🤖 AI Summary
Current sign language generation methods prioritize semantic accuracy while neglecting emotional expressiveness, resulting in synthesized videos with limited naturalness and vitality. To address this, we propose a multi-emotion-guided semantic disentanglement framework that explicitly separates emotion- and semantics-related features via a dedicated disentanglement module and employs a progressive training strategy for fine-grained emotion integration. In pose generation, we model confidence scores across seven distinct emotion categories and leverage a diffusion-based decoder to synthesize high-fidelity sign language pose sequences. To our knowledge, this is the first work to jointly incorporate explicit emotion control and semantic disentanglement into a text-to-sign generation pipeline. Evaluated on mainstream benchmarks, our method achieves significantly higher pose accuracy than all baselines while producing videos that simultaneously preserve semantic correctness and rich emotional expressiveness—thereby enhancing natural communication experiences for deaf users.
📝 Abstract
Large language models have revolutionized sign language generation by automatically transforming text into high-quality sign language videos, providing accessible communication for the Deaf community.
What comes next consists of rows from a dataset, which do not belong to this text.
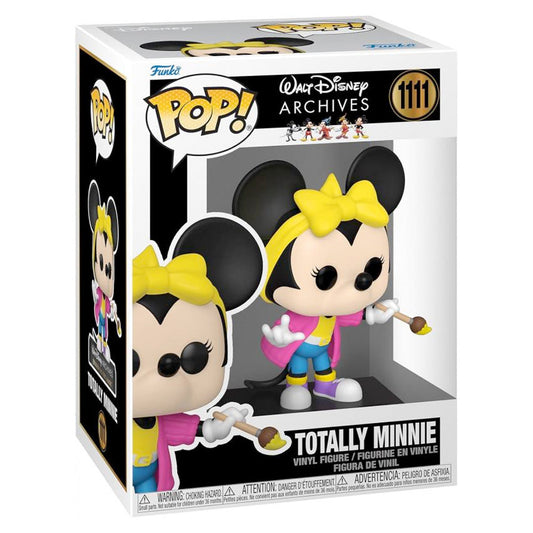 Funko POP! Disney Totally Minnie 1988, 10 cm goobee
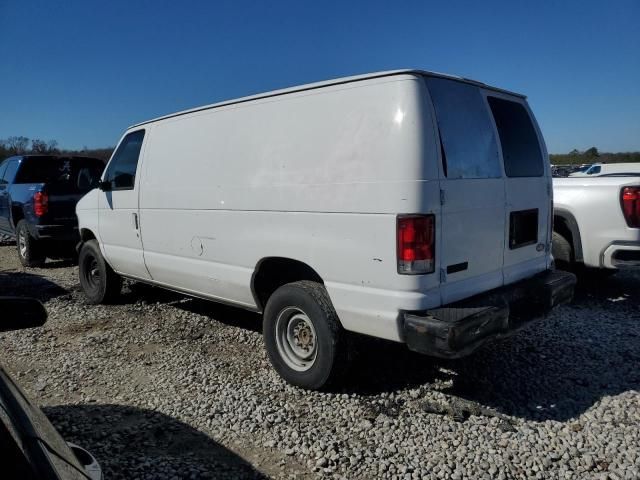 2001 Ford Econoline E250 Van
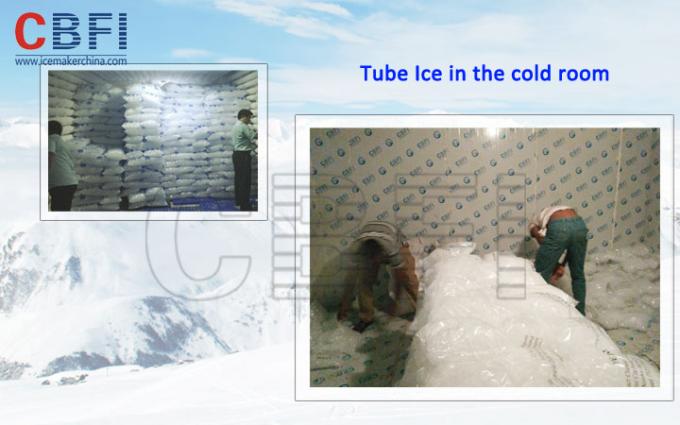 CBFIの管の製氷機の価格1トン3トン5トン10トン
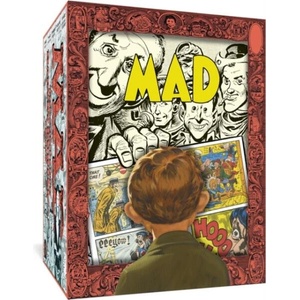 Mad: The Complete Harvey Kurtzman Years (ISBN: 9798875002786)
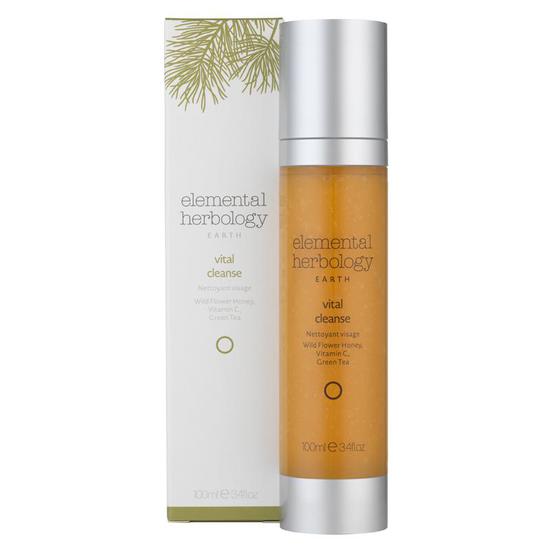 Elemental Herbology Vital Cleanse Facial Cleanser 100ml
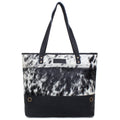 Lady First/Wax Toronto Tote Bag - Women's: Black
However, existing LLM-based approaches prioritize semantic accuracy while overlooking emotional expressions, resulting in outputs that lack naturalness and expressiveness. We propose EASL (Emotion-Aware Sign Language), a multi-emotion-guided generation architecture for fine-grained emotional integration. We introduce emotion-semantic disentanglement modules with progressive training to separately extract semantic and affective features. During pose decoding, the emotional representations guide semantic interaction to generate sign poses with 7-class emotion confidence scores, enabling emotional expression recognition. Experimental results demonstrate that EASL achieves pose accuracy superior to all compared baselines by integrating multi-emotion information and effectively adapts to diffusion models to generate expressive sign language videos.